• **WORK ITEM**: In the listing below, print exactly the lines from the first through the one that contains "The Future of".

SOURCE DATA Block Start

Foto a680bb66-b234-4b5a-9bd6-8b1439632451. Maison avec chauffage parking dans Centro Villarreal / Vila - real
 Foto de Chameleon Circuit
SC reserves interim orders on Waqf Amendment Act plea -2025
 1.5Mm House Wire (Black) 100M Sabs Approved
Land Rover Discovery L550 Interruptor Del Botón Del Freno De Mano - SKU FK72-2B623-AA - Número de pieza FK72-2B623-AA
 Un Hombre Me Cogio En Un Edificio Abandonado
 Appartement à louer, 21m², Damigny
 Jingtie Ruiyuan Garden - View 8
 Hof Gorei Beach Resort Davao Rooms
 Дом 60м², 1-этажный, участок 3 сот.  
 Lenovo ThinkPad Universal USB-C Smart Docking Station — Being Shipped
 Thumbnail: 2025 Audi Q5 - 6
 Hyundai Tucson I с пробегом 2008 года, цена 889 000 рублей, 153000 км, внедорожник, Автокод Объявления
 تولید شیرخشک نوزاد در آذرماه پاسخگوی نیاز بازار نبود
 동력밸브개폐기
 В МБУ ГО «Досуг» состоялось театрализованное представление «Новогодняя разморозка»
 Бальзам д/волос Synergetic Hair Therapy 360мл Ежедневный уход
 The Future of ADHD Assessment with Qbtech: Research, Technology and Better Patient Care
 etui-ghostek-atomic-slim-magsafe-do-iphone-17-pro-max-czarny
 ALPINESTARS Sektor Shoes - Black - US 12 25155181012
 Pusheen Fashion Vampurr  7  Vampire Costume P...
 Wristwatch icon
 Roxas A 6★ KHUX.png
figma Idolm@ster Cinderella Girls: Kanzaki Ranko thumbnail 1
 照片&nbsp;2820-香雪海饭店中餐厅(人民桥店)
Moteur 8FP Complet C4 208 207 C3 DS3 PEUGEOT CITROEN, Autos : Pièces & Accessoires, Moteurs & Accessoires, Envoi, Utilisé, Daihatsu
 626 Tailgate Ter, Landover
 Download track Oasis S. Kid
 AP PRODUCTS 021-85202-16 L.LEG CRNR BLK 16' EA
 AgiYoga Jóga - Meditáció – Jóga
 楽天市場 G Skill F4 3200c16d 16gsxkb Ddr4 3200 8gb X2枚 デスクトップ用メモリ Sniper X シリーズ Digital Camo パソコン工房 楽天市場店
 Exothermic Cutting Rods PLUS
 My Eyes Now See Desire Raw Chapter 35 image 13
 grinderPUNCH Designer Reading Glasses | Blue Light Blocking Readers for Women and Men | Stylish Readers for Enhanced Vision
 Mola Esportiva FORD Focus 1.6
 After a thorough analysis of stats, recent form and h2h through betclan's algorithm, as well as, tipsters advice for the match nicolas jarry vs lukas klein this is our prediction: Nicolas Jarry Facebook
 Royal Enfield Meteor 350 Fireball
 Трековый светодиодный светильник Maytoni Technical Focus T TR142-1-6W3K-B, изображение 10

SOURCE DATA Block End

• **TASK RESULT**:
Foto a680bb66-b234-4b5a-9bd6-8b1439632451. Maison avec chauffage parking dans Centro Villarreal / Vila - real
 Foto de Chameleon Circuit
SC reserves interim orders on Waqf Amendment Act plea -2025
 1.5Mm House Wire (Black) 100M Sabs Approved
Land Rover Discovery L550 Interruptor Del Botón Del Freno De Mano - SKU FK72-2B623-AA - Número de pieza FK72-2B623-AA
 Un Hombre Me Cogio En Un Edificio Abandonado
 Appartement à louer, 21m², Damigny
 Jingtie Ruiyuan Garden - View 8
 Hof Gorei Beach Resort Davao Rooms
 Дом 60м², 1-этажный, участок 3 сот.  
 Lenovo ThinkPad Universal USB-C Smart Docking Station — Being Shipped
 Thumbnail: 2025 Audi Q5 - 6
 Hyundai Tucson I с пробегом 2008 года, цена 889 000 рублей, 153000 км, внедорожник, Автокод Объявления
 تولید شیرخشک نوزاد در آذرماه پاسخگوی نیاز بازار نبود
 동력밸브개폐기
 В МБУ ГО «Досуг» состоялось театрализованное представление «Новогодняя разморозка»
 Бальзам д/волос Synergetic Hair Therapy 360мл Ежедневный уход
 The Future of ADHD Assessment with Qbtech: Research, Technology and Better Patient Care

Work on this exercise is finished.